» **EXERCISE REQUIREMENTS**: With pictures left out, output exactly the lines from the line holding "Bathroom Storage Cabinet" through the end of the data, both included.

[Brief descriptive captions]
┌────────
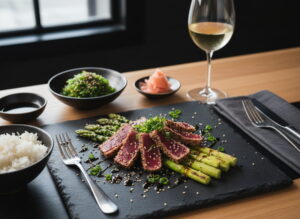 Green asparagus with tuna tataki and sesame dressing on a dark slate plate, Albariño white wine glass, Spanish tapas bar setting
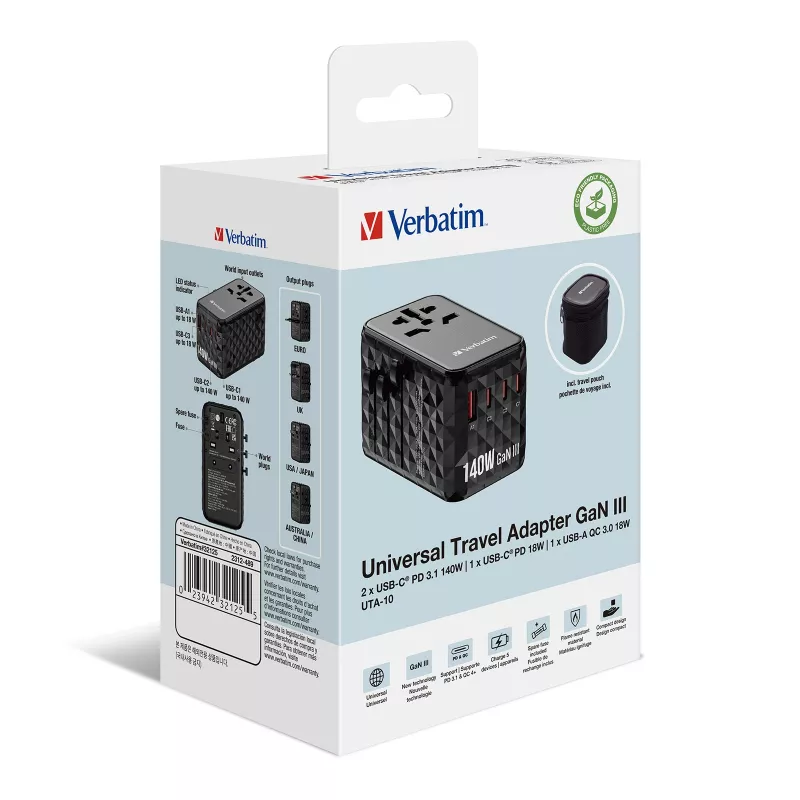 Verbatim UTA-10 140W GaN III Universalus kelioninis adapteris su 2x USB-C PD 3.1 ir QC 4+, 1x USB-C PD 3.0 ir 1x USB-A QC 3.0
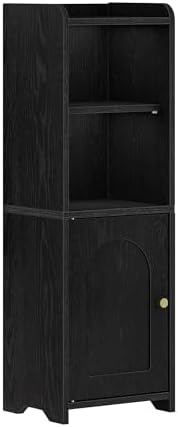 Bathroom Storage Cabinet with Arched Doors and Adjustable Shelves Black BC29704X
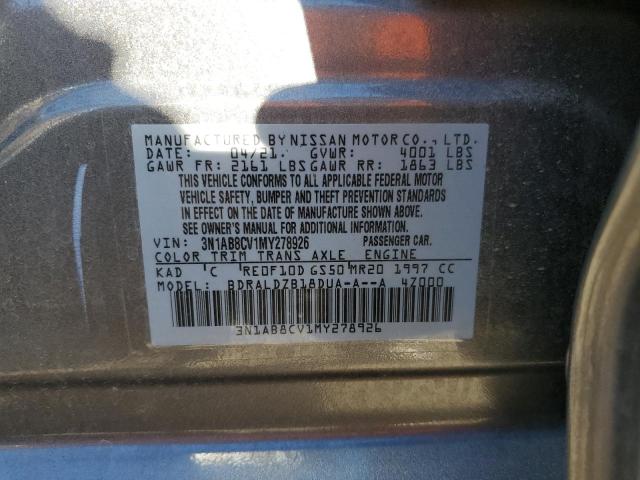 3N1AB8CV1MY278926 Nissan SENTRA SV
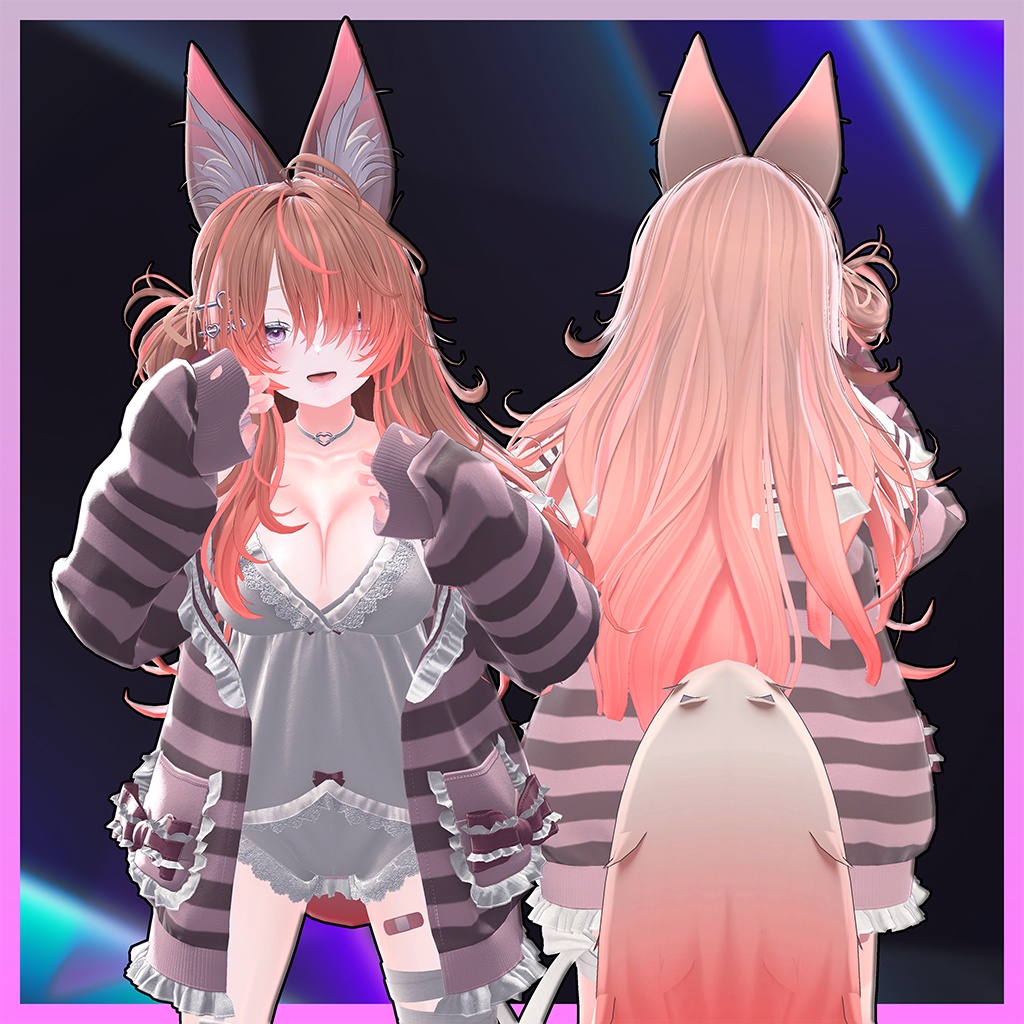メカクレおおかみヘア Highlights Texture 【VRC Hair Texture - muu(ムー)】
└────────
» **TASK ANSWER**:
 Bathroom Storage Cabinet with Arched Doors and Adjustable Shelves Black BC29704X
 3N1AB8CV1MY278926 Nissan SENTRA SV
メカクレおおかみヘア Highlights Texture 【VRC Hair Texture - muu(ムー)】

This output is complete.